I spent the next four hours updating my rules, trying to pretend I wasn't thinking about how the late afternoon light had caught gold in his eyes when he laughed. Or how his hands had gently cradled his book, betraying a love of literature that wentbeyond mere pretense. Or how that Paradise Lost tattoo hinted at depths I'd been too quick to dismiss.

The real problem wasn't that Jack Morrison broke rules. It was that he made me want to break them, too.

And that was far more dangerous than any bad boy reputation.

Chapter four

Family Ties

There are seven excuses that have successfully gotten me out of Morrison family dinners in the past: three dental tool emergencies, two fictional museum crises, one allegedly urgent paper on Victorian medical practices, and one very real incident involving a misdirected shipment of nineteenth-century tooth extractors to Boston.

But apparently, "I can't come because I might murder my mentee with a salad fork" wasn't making the list.

"Nice try," Dex said, rifling through her closet full of Victorian mourning jewelry. "But Mom already called your mom, who confirmed you have no dental emergencies, museum disasters, or paper deadlines."

"Betrayal runs in families," I muttered, watching her sort jet beads into little piles. Like the betrayal of not telling me your stupidly attractive brother was Jack Morrison. Or the betrayal of my own heart every time he smirks.

"That's not a thing." She held up two nearly identical black necklaces. "Which one says 'I respect the dead but make it fashion'?"

"The one made with actual human hair is a bit much for family dinner." Though maybe if I wear it, Jack will keep his distance. Unless he's into that sort of thing, no, Sophie, do NOT start wondering about what Jack Morrison is 'into.'

"You're right." She put it on anyway. "Mom's making pot roast. Jack's favorite."

"I don't need to know his favorite foods. That's definitely against Rule 335." And I certainly don't need to imagine him at the dinner table, with sleeves rolled up, that jawline working as he - STOP IT.

"Your rules don't apply to family dinners." She turned to face me, her expression serious despite the three mourning brooches pinned to her cardigan. "Look, I know you two have this whole enemies-with-academic-tension thing going on—"

"We do not—" We just have this entirely professional mentoring relationship where I occasionally get distracted by his forearms. And his eyes. And the way he quotes Victorian literature while wearing that stupid leather jacket.

"—but Mom hasn't had both her kids at dinner in months. Just try not to stab him with any antique medical instruments?"

This is how I found myself standing on the Morrison’s porch at exactly 6:47 PM (optimal arrival time for maximum politeness while minimizing pre-dinner small talk), clutching a bottle of wine that my mother had insisted was "appropriate for family occasions" but which I strongly suspected was really cooking wine.

You can do this, I told myself.
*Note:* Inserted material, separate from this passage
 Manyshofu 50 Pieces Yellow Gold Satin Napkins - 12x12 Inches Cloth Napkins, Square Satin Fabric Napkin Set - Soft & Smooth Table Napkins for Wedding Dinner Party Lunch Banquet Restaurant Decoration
It's just dinner. With your best friend's family. And her irritatingly perfect brother who keepsshowing up in your dreams wearing reading glasses and reciting Keats.

Mrs. Morrison—"Call me Linda, dear"—opened the door before I could knock. "Sophie! We've missed you at our Sunday dinners."

The Morrison house was like I remembered: warm, chaotic, and full of contradictions. Hockey trophies shared shelf space with antique books. A signed jersey hung next to what appeared to be a Victorian-era oil painting. Like its inhabitants, the house refused to be easily categorized.

"Jackie!" Mrs. Morrison called up the stairs. "Your tutor's here!"

"Don't call me Jackie, Mom," came an irritated voice, followed by heavy footsteps. Jack appeared at the top of the stairs, and I suddenly regretted every life choice that had led to this moment.

He was wearing a dark blue button-down shirt that made his tattoos peek out just enough to be maddening, and his hair was slightly damp like he'd just showered. It was unfair. I'd spent an hour choosing an outfit that said "professional tutor who doesn't think about her mentee's tattoos," and he looked like he'd just stepped out of a GQ magazine about bad boys who clean up nicely.

"Nice cardigan," he said, with a smirk that violated at least three rules. "Very Mary Poppins meets Victorian undertaker."

"Nice shirt," I replied. "Does it come in a size that fits?" Because seriously, it should be illegal to make dress shirts that cling like that. There have to be local ordinances against forearms that distracting.

"Children," Mrs. Morrison warned, but she was smiling. "Dinner's almost ready. Jack, show Sophie the library while I finish up."

The library. Alone. With Jack. In formal wear. This is fine. Everything is fine.

"Dad's latest acquisition," Jack said, gesturing to a glass case. Inside was a first edition of "Frankenstein" that most likely cost more than my entire dental tool collection. "He thought of you, actually. Said something about your interest in medical history."

He remembers my interests? No, stop it. His dad remembers. That's different. Completely different.

"That's..." I stepped closer, trying to maintain professional distance while also desperately wanting to examine the book. "That's a first edition. From 1818. The binding is original."